The HOA represents the whole community. They are typically responsible for all common areas. In a condo think balconies or common plumbing lines. In a house think the shared pools, mailbox areas and landscape outside of your house. The owner pays a monthly fee, that is typically adjusted annually for ongoing expenses. Many are anywhere from $200-700. In city centers they can be over $1000. They are usually higher if there is an elevator, security guard, fitness center etc. The more amenities the more the HOA fee. So, when you see that increase in rent this may be part of why.

When moving into your new home you may have to complete HOA resident documents like car registration or pay a fee to use the elevator. Each HOA has their own set of rules and regulations. Make sure you get a copy of them so that you don’t get in trouble.

Many find HOA’s annoying because they are constantly trying to find things wrong. Don’t leave a towel on your balcony. Can’t hang a flag or political sign. Don’t BBQ. Don’t wash your car. It can feel very controlling. But the flip side is that the communities are typically very clean and well maintained.

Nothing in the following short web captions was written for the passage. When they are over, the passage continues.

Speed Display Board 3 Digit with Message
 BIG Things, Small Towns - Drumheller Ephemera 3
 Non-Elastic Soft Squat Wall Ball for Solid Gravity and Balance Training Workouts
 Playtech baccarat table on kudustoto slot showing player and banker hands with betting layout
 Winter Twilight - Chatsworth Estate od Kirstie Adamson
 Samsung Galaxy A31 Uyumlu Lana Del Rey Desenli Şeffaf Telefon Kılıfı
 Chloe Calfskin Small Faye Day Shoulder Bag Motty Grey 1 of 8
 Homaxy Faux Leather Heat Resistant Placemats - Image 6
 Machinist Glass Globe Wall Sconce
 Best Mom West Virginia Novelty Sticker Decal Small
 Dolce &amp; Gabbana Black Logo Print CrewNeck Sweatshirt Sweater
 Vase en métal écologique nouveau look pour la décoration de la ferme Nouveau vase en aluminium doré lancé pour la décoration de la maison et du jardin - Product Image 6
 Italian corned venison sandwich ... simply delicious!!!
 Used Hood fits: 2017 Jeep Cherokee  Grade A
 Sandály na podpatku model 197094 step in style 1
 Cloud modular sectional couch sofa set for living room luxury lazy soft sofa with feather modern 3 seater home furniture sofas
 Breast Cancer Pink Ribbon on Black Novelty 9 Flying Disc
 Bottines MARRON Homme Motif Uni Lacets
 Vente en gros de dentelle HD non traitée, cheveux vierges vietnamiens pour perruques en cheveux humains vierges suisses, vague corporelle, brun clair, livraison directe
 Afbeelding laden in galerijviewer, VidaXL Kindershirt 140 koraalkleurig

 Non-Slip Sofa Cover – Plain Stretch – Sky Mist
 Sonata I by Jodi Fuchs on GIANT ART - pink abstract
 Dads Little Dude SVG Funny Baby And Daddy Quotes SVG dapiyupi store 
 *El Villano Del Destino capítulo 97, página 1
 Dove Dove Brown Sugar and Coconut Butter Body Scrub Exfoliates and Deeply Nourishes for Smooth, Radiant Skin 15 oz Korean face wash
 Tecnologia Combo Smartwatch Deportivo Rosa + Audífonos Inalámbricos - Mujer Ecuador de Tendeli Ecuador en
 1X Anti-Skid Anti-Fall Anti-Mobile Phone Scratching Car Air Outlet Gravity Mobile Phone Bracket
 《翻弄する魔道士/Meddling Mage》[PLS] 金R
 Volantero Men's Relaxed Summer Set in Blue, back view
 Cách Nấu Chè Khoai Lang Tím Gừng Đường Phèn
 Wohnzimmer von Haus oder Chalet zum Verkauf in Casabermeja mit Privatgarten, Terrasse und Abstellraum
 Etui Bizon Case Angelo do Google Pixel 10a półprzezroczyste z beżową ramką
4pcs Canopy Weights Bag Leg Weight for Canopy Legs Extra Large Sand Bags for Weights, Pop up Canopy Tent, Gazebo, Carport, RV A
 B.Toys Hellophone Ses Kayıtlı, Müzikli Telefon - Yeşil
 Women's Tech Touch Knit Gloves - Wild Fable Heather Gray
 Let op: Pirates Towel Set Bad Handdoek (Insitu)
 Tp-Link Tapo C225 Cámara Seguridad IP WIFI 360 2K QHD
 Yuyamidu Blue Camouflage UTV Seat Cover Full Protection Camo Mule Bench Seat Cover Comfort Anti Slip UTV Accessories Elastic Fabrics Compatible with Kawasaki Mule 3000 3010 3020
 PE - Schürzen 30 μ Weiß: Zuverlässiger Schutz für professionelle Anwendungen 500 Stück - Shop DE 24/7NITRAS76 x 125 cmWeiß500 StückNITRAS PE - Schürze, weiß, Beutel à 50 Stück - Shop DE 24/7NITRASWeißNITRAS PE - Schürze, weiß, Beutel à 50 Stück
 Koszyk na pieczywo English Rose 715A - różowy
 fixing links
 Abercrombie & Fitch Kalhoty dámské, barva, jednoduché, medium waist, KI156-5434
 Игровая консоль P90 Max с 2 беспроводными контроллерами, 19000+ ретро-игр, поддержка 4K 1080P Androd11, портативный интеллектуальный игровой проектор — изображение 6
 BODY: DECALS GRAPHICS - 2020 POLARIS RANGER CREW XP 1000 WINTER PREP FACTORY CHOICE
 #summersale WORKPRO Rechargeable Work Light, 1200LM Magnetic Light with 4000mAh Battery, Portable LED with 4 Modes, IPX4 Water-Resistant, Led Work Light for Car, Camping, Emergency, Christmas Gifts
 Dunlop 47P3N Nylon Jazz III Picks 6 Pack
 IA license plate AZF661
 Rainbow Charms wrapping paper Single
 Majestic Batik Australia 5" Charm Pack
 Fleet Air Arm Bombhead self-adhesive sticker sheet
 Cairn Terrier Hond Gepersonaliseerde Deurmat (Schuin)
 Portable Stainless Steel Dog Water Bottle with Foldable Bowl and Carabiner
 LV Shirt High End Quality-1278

Take the good with the bad.

Most of your interaction will be with your specific property manager, but in the event of a leak or some other major issue you may have to be involved with the HOA manager as well. Especially in a condo with a top-down leak. Pack your patience if that ever happens.  Know that they are not the same. They are not trained the same. They do not adhere to the same level of service or quality- though they should.

Just know and respect the differences.